Just take one look at Cuphead's gorgeous hand-drawn art style and you'll understand the hype. First-time indie developer Studio MDHR created a game that's as detailed and fluid as classic Disney cartoons. And it has that hint of magic that you can only get from traditional, non-CG animation. It's also a dream to play, with controls reminiscent of Contra and other extremely difficult 2D side scrollers. Simply running around and shooting enemies feels great -- and that's a good thing, since you'll be doing a lot of it.
You've got a variety of weapons to choose from, a dash-move for getting out of danger quickly, and you can also parry any pink-colored object by jumping off of them at just the right time. The vast majority of Cuphead is made up of elaborate boss fights -- and I really mean elaborate.
The bosses, and their accompanying stages, feature some of the most unique designs I've ever seen in a video game. But you won't have much time to drink in the gorgeous visuals before the bosses start filling up the screen with deadly projectiles. While there are attack patterns you'll have to learn, you'll still have to keep your wits about you for some randomized changes. Cuphead is the sort of game where you should expect to die -- a lot.

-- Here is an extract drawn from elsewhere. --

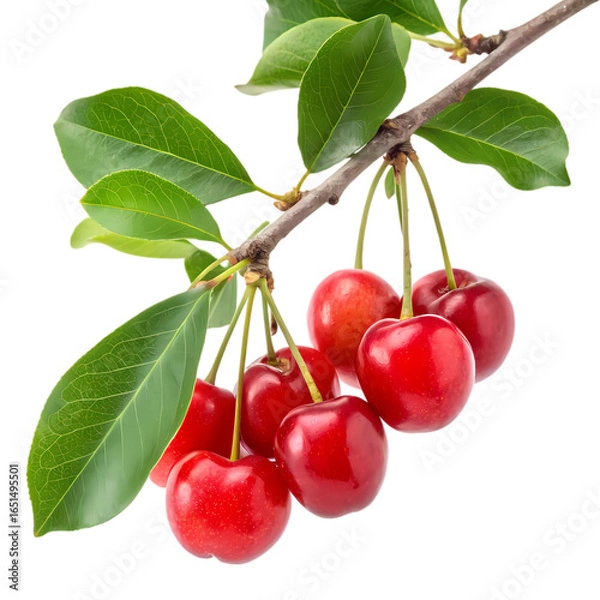 Fototapeta Group of ripe red cherries on a branch isolated on transparent background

Thankfully, the game gives you a few different difficulty levels to help you get your bearings. A beautiful overworld map connects all of the different boss battles, and you can also interact with other characters there. Cuphead also features a handful of platforming stages, which should evoke plenty of classic gaming nostalgia.
In addition to playing through the game solo, you can also have a friend join you in co-op mode. That's something we don't typically see in games today, and it brought back memories of sitting on the couch for hours on end when I was a kid.